The international situation is marked by geopolitical unrest. The war in the Middle East has led to high volatility in energy and financial markets and is creating greater uncertainty about the economic outlook. This is increasing the risk of market stress and a downturn that could also affect Norway. However, Norges Bank’s Monetary Policy and Financial Stability Committee considers the Norwegian financial system to be robust.
“The Norwegian financial system is resilient. At the same time, uncertainty about future economic developments is greater than normal. Geopolitical unrest and increased unpredictability may result in sharp market movements and spill over to the Norwegian economy, but Norwegian banks are well equipped to withstand both market stress and higher losses”, says Deputy Governor Pål Longva.
In a more turbulent world, the risk of targeted cyberattacks and other operational disruptions increases.

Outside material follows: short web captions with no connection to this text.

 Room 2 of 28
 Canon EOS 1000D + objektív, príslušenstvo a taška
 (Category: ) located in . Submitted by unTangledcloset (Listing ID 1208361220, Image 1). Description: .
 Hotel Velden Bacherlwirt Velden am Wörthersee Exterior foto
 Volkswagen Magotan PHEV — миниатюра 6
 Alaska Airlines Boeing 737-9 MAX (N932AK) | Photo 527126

Artificial intelligence may make it easier to exploit vulnerabilities.
The financial system is becoming more interconnected and complex
Non-bank financial institutions (NBFIs) may contribute to increased competition and new forms of financing but may also be a source of new vulnerabilities. Risk may be transferred to market participants that have less capacity to bear such risk and are less transparent.
In many countries, the volume of private credit and securitisation has grown. In Norway, banks continue to be the dominant providers of credit, and it is the Committee’s assessment that the current role of NBFIs in credit provision does not constitute a financial stability risk.

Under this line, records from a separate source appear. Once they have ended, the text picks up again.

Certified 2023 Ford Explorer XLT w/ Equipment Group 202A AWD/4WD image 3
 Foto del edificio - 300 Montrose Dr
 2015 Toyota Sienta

Norwegian banks are well equipped to withstand stress
Norwegian banks satisfy capital and liquidity requirements by an ample margin and have adequate access to both deposits and wholesale funding. Analyses in this Report show that banks have sufficient liquidity reserves to cope with an extended period of severe stress in funding markets.
The analyses also show that a scenario with an abrupt increase in carbon prices and new climate policy requirements can result in substantial bank losses. Banks as a whole can absorb large losses, and a reduction of capital buffer requirements in such a scenario would provide banks with more leeway to continue to provide credit, also in a deep economic downturn.
“Banks’ profitability is the first line of defence against losses. Norwegian banks have efficient operations and low losses, which bolsters resilience in the face of uncertainty”, says Pål Longva.
The capital buffers should be maintained
The Committee has decided to keep the countercyclical capital buffer unchanged at 2.5 percent and has advised the Ministry of Finance to maintain the systemic risk buffer at the current level of 4.5 percent.
At the same time, the Committee emphasises that international regulatory work is characterised by discussions on the simplification of capital requirements and reporting.
“There are good reasons to explore opportunities to simplify a complex regulatory framework, but it is important that this is not at the expense of financial system resilience”, says Deputy Governor Pål Longva.